▸ **TASK PROMPT**:
Using the records below, report how many lines hold "pour", with no extra text.

——

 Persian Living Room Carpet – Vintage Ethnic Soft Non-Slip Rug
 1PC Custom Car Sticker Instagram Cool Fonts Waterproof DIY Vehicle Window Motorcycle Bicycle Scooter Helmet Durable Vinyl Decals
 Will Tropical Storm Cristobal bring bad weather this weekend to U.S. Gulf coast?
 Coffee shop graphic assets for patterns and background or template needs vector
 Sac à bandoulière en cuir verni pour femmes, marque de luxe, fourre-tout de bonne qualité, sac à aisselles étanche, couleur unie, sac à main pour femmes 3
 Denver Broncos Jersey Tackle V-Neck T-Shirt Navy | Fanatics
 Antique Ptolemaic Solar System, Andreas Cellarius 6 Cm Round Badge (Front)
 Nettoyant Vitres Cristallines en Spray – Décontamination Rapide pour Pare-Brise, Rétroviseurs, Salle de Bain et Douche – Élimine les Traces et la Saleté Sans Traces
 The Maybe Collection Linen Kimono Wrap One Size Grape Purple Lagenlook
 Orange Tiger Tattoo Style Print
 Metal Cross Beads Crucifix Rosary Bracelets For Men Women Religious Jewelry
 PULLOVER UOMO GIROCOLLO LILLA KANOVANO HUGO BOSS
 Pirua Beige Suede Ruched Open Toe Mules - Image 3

——

▸ **ANSWER SPACE**:
2